A fall to remember
March 19, 2021
I can’t fully remember what happened after I fell, but the details from before are as vivid as ever.
It was a Saturday, the one day I had off from the grueling work that is kindergarten, and I was sitting on my sister Berkeley’s window sill watching her play her pink Nintendo DS on her bed. I complained that I was hungry and she agreed, so she went to go get some popcorn. When she came back from getting snacks, I was gone, completely disappeared from her room, even with the promise of food coming.
It’s funny to me, looking back, that it could have been a cheesy transition in a 90’s sitcom, the entire first episode would be my family finding me in the closet of a different room after sucking up 30 minutes of people’s day, but that’s not what happened.
I had fallen from my sister’s two story window into my backyard, breaking my arm and lacerating my liver and spleen. It is safe to say a little more than 30 minutes of someone’s day got taken up.
I can remember the ambulance coming to get me off of my couch, and a paramedic telling my dad that it was really stupid to move me from my place in the backyard, just feet away from the swing set I wouldn’t be allowed on for four months.

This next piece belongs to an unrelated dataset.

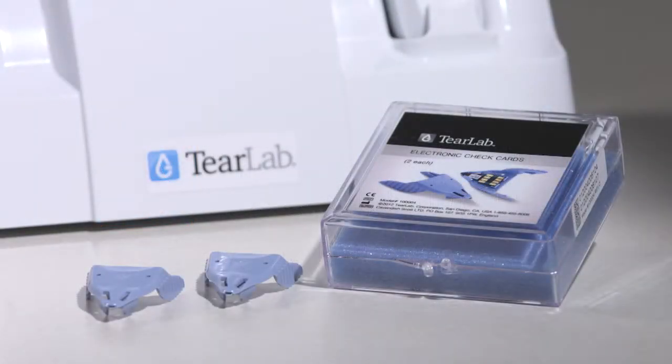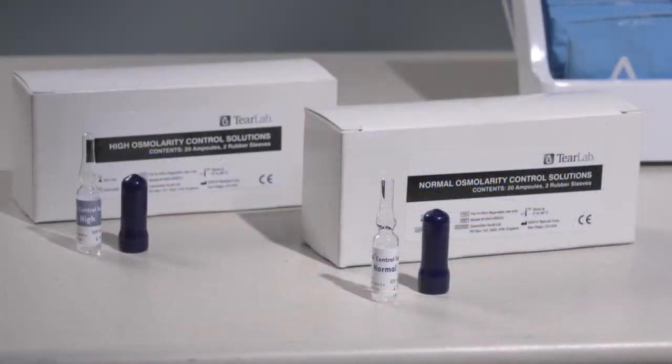The first quality control test you should perform each day is the electronic check card test using the blue reusable check card. The second quality control test to perform on a monthly basis is the Osmolarity Control Solutions test.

I woke up to a nurse coming to get me for a CT scan, telling me to sit very still despite that being one of the hardest things for a five year old to do, and getting an IV that the nurse lied to me about, saying it wouldn’t hurt.
I ended up being in the hospital for four days, and almost had to get surgery, but I didn’t care much. I was five and couldn’t understand why I was getting so many cards from people at church, but looking back on it now, ten years later, it is clear that this accident was a much bigger deal than I thought.
I can’t remember much from afterwards, after all I was on a lot of meds (and I was five), but weird little details remain — like the little boy I met in the MUSC playroom finger painting or the two waffles and side of bacon my grandparents brought me from Waffle House when they came to visit.
I can, however, identify the lasting results of the incident on my life. The inability to watch any medical shows without panicking, the sensory processing disorder diagnosis and the many people who remember me specifically because of that incident, all come to mind.
I can remember many other injuries that I have had much more vividly, but none of them have been as severe as my, admittedly very dramatic, fall. The positive side effects can also count for something, now me and my sister have something to make fun of no matter the time of day.
Honestly, the injuries from my fall that affected me the least, but the experience itself was a quintessential part of my childhood.